PhD (2022-)
I am currently undertaking a PhD at the University of Birmingham, supervised by Samuel Johnson and Enrico Amico, and formerly supervised by Wessel Woldman. My PhD focuses on the mathematical modelling of epilepsy using network-based metrics derived from EEG. My PhD has involved the following projects:
Treatment Effects in Epilepsy: A Mathematical Framework For Understanding Response Over Time
An internal collaboration with researchers at the University of Birmingham.
Aim: Assessing the robustness of networks to parameter changes in an associated dynamic network model -
modelling a dynamic response ("honeymoon effect") to epilepsy treatment.
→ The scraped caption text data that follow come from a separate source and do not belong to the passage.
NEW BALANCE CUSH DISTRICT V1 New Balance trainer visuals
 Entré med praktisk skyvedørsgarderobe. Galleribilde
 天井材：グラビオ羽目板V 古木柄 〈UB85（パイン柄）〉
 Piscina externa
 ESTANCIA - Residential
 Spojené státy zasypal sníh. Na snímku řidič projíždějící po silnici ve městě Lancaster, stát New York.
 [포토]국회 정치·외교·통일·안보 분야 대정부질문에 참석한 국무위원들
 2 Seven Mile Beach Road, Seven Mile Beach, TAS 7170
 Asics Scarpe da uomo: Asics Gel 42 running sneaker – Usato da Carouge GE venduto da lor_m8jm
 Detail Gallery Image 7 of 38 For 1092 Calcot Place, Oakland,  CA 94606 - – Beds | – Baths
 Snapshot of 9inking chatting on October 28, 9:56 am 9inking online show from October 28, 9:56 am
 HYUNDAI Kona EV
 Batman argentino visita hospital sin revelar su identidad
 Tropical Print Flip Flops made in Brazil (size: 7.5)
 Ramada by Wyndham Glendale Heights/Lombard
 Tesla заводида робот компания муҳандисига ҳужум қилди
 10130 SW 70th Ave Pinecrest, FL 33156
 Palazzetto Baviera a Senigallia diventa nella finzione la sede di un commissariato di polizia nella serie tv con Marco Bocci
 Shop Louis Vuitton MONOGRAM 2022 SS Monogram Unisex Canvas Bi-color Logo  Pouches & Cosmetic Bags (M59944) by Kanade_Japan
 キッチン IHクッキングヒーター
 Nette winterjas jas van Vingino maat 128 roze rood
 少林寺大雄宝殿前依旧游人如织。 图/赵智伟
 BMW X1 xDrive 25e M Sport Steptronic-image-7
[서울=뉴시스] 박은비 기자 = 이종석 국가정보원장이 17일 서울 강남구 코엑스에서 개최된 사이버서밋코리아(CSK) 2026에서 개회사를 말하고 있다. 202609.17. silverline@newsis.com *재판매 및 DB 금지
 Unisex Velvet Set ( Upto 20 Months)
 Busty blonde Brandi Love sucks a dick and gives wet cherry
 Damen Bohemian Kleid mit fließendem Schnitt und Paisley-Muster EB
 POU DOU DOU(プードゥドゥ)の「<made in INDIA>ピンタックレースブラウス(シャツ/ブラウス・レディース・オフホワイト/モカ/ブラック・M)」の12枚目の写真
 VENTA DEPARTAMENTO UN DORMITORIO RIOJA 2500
Collaborators: Gwen Harrington, Wessel Woldman, Leandro Junges, John Terry
Keywords: epilepsy, brain network model, honeymoon effect, brain network ictogenicity,
brain surgery, anti-seizure medication, network physiology
Status: Read our published paper
here.
Understanding the Prognosis of Epilepsy from Longitudinal EEG Data
A collaboration with researchers at the University of Melbourne.
Aim: To explore the long-term changes in epileptiform activity in relation to network-based
measures and anti-seizure medications.
Collaborators: Anita Dharan, Wendyl D'Souza (Melbourne), Wessel Woldman
Keywords: epilepsy, prognosis, network-based markers, EEG, ambulatory EEG, longitudinal data,
anti-seizure medication, brain network models
Status: Ongoing.
EEG-Derived Networks and The Differential Diagnosis of Epilepsy and Functional Dissociative Seizures
A collaboration with researchers at Kings College London.
Aim: Assessing the usefulness of multi-channel network based markers from resting-state EEG
in differentiating between epilepsy and functional dissociative seizures, using nested cross-validation of
statistical learning models.
Collaborators: Irene Faiman, Paul Shotbolt, Rachel Sparks (KCL), Wessel Woldman
Keywords: epilepsy, FDS, machine learning, differential diagnosis, network-based markers, EEG,
brain network models
Status: Ongoing.
Mathematical Modelling of Network-Based Perturbations to the Epileptic Brain
An internal collaboration with researchers at the University of Birmingham.
Aim: Using mathematical models to explore the effect of perturbations in network structure on the emergence of epileptic seizures in the brain.
Collaborators: Catherine Drysdale
Keywords: epilepsy, brain network model, trophic incoherence, non-normal networks, pseudospectra
Status: Ongoing.
Research Associate (2025-)
I am working part-time as a research associate with the ATMOSPHERE project, led from the University of Bristol. This project aims to develop a machine learning algorithm which can forecast epileptic seizures using physiological data from smart watches.
MMath Dissertation (2021-22)
My masters dissertation project, "Modelling the effect of testing on the spread of SARS-CoV-2" used SEIRS-type epidemiological models and aggregated data from Durham University's student lateral flow testing programme to model the potential effect of low-sensitivity, high-specificity testing and isolating on the spread of Coronavirus.